## ASSIGNMENT
Reply with the data below, repeated exactly in full.

Start of RECORDED INFORMATION

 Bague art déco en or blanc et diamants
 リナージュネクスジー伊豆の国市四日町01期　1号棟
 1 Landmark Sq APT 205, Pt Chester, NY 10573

End of RECORDED INFORMATION

## SOLUTION FOR THIS EXERCISE
 Bague art déco en or blanc et diamants
 リナージュネクスジー伊豆の国市四日町01期　1号棟
 1 Landmark Sq APT 205, Pt Chester, NY 10573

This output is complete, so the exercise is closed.